In this manner, the operation processing section 150 generates the
command designated as the omission target.
[0146] For example, to the operation processing section 150, the
semantic information "increase parameter" is input by the gesture
recognition section 140, and no semantic information is input by
the voice recognition section 130. Referring to FIG. 22, since the
command "turn up volume" is designated as the omission target, the
operation processing section 150 acquires the command "turn up
volume" from the command storage section 152 based on the semantic
information "increase parameter". Then, the operation processing
section 150 determines the semantic information "turn up volume" as
the command for causing the target device to execute the
predetermined operation.
[0147] Further, the operation processing section 150 designates a
specific command as the omission target. For example, the operation
processing section 150 designates a specific command as the
omission target based on the generation frequency of the command.
For example, the operation processing section 150 designates the
command having the highest generation frequency out of the commands
stored in the frequency information storage section 156 as the
omission target. Referring to FIG. 21, for example, the operation
processing section 150 designates the command "turn up volume"

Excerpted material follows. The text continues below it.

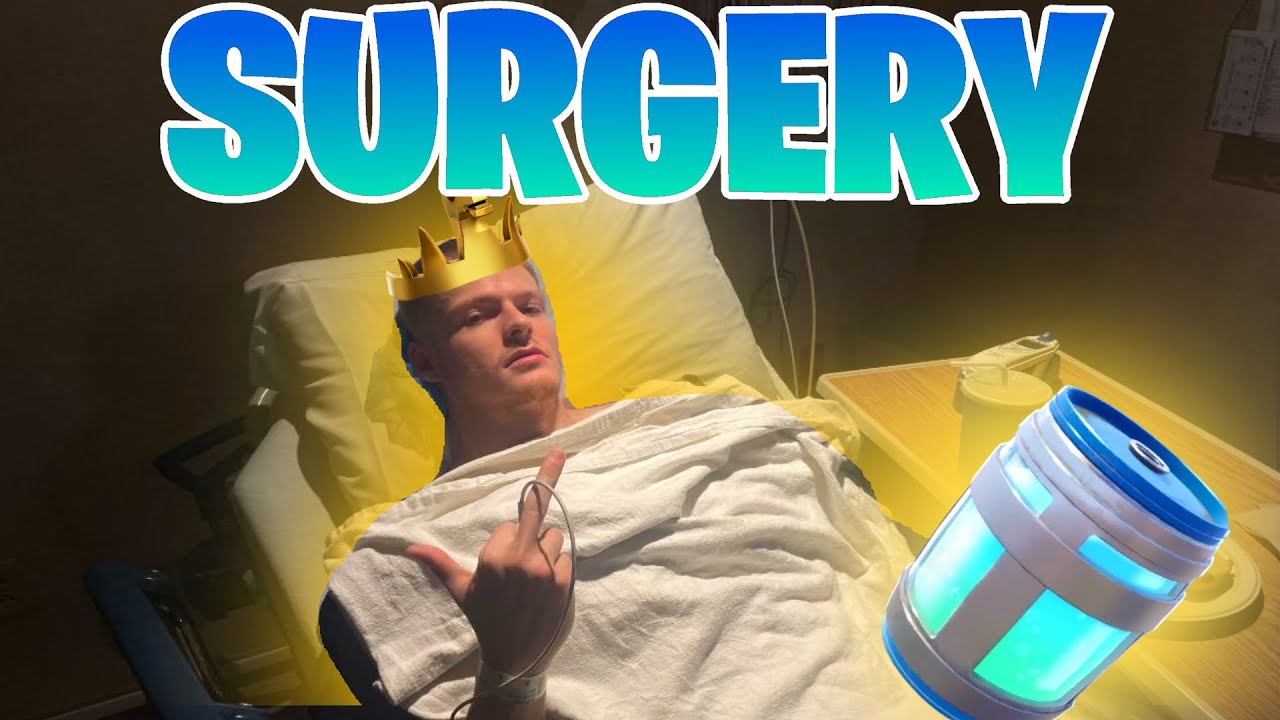 SURGERY COMPLETED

having the generation frequency of "15 times" as the omission
target.
[0148] For example, the operation processing section 150 designates
a specific command as the omission target based on at least one
command out of the predetermined number of latest generated
commands. For example, the operation processing section 150
designates the latest generated command as the omission target out
of the commands stored in the operation content storage section
154. Referring to FIG. 20, for example, the operation processing
section 150 designates the command "turn up volume", which is the
latest generated command, as the omission target. Note that the
operation processing section 150 may designate as the omission
target a specific command based on the command which is generated
within a predetermined time period up to the start point of the
latest command generation process out of the command generation
processes repeatedly executed by the operation processing section
150.
[0149] For example, the operation processing section 150 designates
the specific command as the omission target based on the
information on the omission target specified by the user. For
example, the operation processing section 150 performs control such
that a list of commands are displayed on a predetermined display
screen, and designates the command selected by the input action
performed by the user as the omission target. FIG. 23 shows an
example of a display screen which displays a candidate for a
command to be an omission target. Referring to FIG. 23, the
operation processing section 150 designates as the omission target
the command "turn up volume" selected by the input action performed
by the user, for example.
[0150] Note that, before the predetermined operation is executed in
accordance with the command, the operation processing section 150
may perform control such that a confirmation display for causing
the user to confirm whether or not to execute the predetermined
operation is shown on a display screen of the target device or
another device. FIG. 24 shows an example of a display screen which
displays the confirmation display of whether or not to execute a
command. Referring to FIG. 24, for example, in the case where the
command "turn up volume", which is designated as an omission
target, is generated, the operation processing section 150 performs
control such that the confirmation display "turn up volume?" is
shown on the display screen of the target device or another
device.
4-2. Flow of Processing
[0151] Hereinafter, with reference to FIG. 25, there will be
described command generation processing according to the fourth
embodiment of the present disclosure. FIG. 25 is a flowchart
showing the command generation processing according to the fourth
embodiment. Of those, Step S310, Step S320, Step S330, Step S340,
Step S350, and Step S360 are the same as those in the command
generation processing according to the first embodiment in [1-2.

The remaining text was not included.